Celui du facetime reste très bien utilisé. D'ailleurs toute la conversation est flippante.


Ainsi que celle de "le narrateur est fou, faites attention à la réalité". En effet, le pauvre trentenaire est sujet à des hallucinations étant actuellement sous traitement. C'est là que nous arrivons au cœur du problème avec The Vigil à mon sens. Le personnage principal s'est construit sur un épisode traumatique qu'il a eu à subir quelques années plus tôt. Ce même trauma résonne avec celui vécu par le défunt. C'est ainsi que le réalisateur plante et et crée son monstre qui, vous l'aurez compris, est une allégorie de la souffrance


de non seulement perdre un proche mais de s'en sentir responsable.


Malheureusement, c'est ici que le bât blesse et il blesse fort.

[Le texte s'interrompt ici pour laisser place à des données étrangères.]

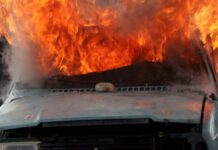 Τρίκαλα: Πυρπόλησαν το τζιπ εργοστασιάρχη – Μαφιόζικο μήνυμα με φλόγες στο σπίτι του.
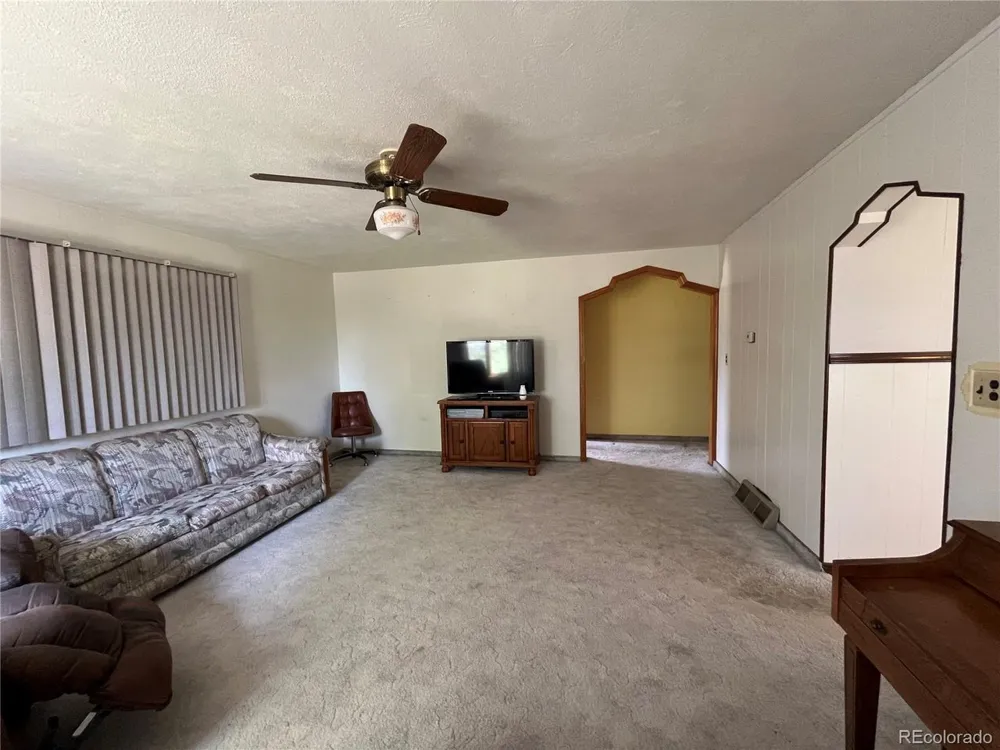 24722 US Highway 385 Burlington, CO 80807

En effet, le récit va justifier et expliquer tous les éléments mis en place depuis le début mais se vautre complètement.


S'en suit la fameuse quête de "je vaincrai mes peurs" qui permet au héros de sortir la tête haute mais avec un pansement pour montrer qu'il aurait pu y laisser sa vie. Bonus : il va sûrement perdre sa virginité dans quelques heures car il a réussi à choper dans des conditions irréelles.


Loin d'être une purge en offrant des moments visuels flippants, l'histoire ne réussit cependant pas à aborder la deuxième partie du film aussi bien que la première.


Je m'attendais même à un sursaut final, lorsque le personnage quitte la maison au petit matin sur plan fixe, mais rien.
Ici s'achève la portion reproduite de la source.